292. Telegram From the Embassy in Vietnam to the Department of State1
340. CINCPAC for POLAD. Herewith report on my private talk with Diem which lasted from 5 to 7:10 pm.
He began by expressing particular appreciation for President Kennedy’s personal letter introducing me which he said he had carefully read.2 He was pleased to have someone like me as Ambassador who was out of American public life.
I said that it had been a particular honor for me when the President had offered me the post of Ambassador to Vietnam and had thought I could be useful in it. I realized I knew little about Vietnam, but felt I knew something about the United States and also something about the United Nations and hoped I might advise him on American affairs and that he would listen to my advice whether or not he took it.

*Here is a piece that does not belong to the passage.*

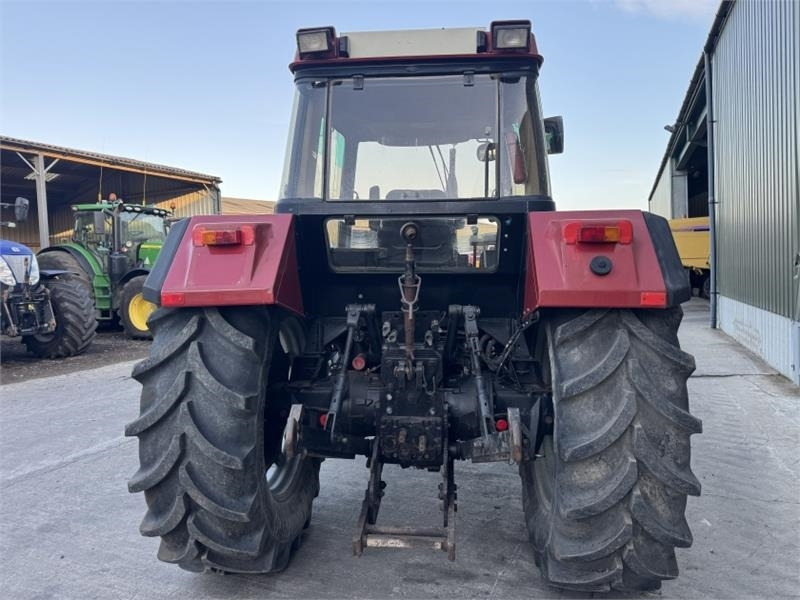 Farm tractor Case International 1056XL 2WD: picture 6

I said that the United States Government, as the term is used in foreign affairs, does not include Congress and that in the broad sense it is impossible to hook the United States of America because public opinion is essential to any long range policy and without the support of public opinion you can not get the support of Congress and without the support of Congress you can not get funds. It was interesting to me that people whom I had known all my life in politics thought that Madame Nhu was the Chief of State of Viet-Nam and that I had met several people in Massachusetts who had seen her picture on the covers of magazines and had read some of her statements about barbecuing the priests and total destruction of the Buddhists and that this had shocked public opinion. The idea that the government was persecuting the Buddhists was also shocking to American opinion which favors religious toleration. All these things were threatening American support of Viet-Nam.
Diem said that he had done his best to get Madame Nhu to keep quiet and that he had spoken to her several times. He said jokingly that he had even threatened to take a wife but that she said that she was a member of the Assembly and had a right to make speeches.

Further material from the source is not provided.